芥川賞を「もらってやる」と発言した人がいいたりして物議を醸したリしてるなかこの本を読んだわけですが。
一言で言うと文章の書き方(テクニック)を学ぶ本と言うよりは、普段の心構えや生き方を学ぶ本という感じでしょうか。著書を通して訴えかけているのは「文は心」であるということ。
以下要約
第一章:広い心を持ち、視野を広く、無心になって物事を見つめる。そしてそこから感じ取ったものを、心からあふれるままに描写する。
第二章:文章はあくまでわかりやすく、相手の立場(読者の立場)に立って書かねばならない。均衡を保ち、社会を見ると同時に己の中身を見通すことで初めて均衡のとれた文章が書ける。文章に品格を持たせるためにも自分の力を高めることが必要なのである。

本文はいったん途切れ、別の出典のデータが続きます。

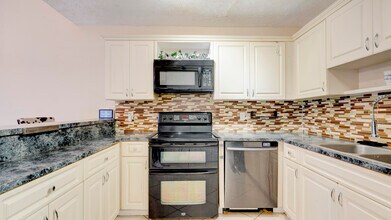 4782 Sunny Palm Cir in West Palm Beach, FL - Building Photo - Building Photo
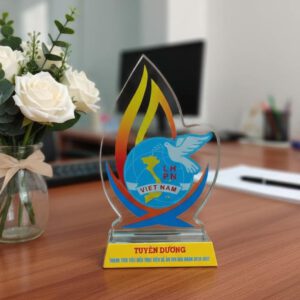 Biểu trưng pha lê sản xuất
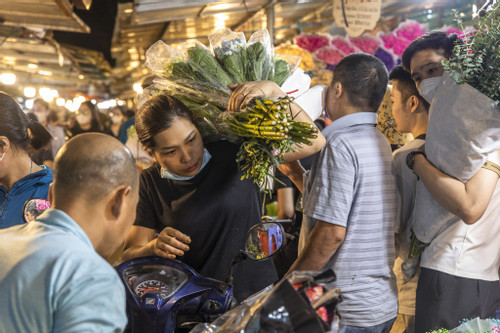 Người dân ùn ùn đổ về chợ hoa đêm lớn nhất Hà Nội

第三章:文の目的はその人の思想、感情をできるだけただしく表現することであり、それを正しく掴み、把握することが重要である。使い古された表現を避け、文の取捨選択をする(この時にこそ自分のものの見方がよく現れる)。
上に書いたとおり、文章の細かなテクニックを学ぶ本というよりは文章はその人の人柄や心構えや人格によるので、いい文章を書くためには普段からよく心がけておきなさいという本ですね。著者の辰濃和男さんは元朝日新聞社の記者さんで75年から88年まで、天声人語を担当されていた方だとか。平易な文章で読みやすかったが、それ以上に名著からの美しい文章が数多く引用されており、それを眺めるだけでもとても楽しめる一冊でした。日本語ってこんな色々な表現の仕方があるのか、と思い出させてくれた良書でした。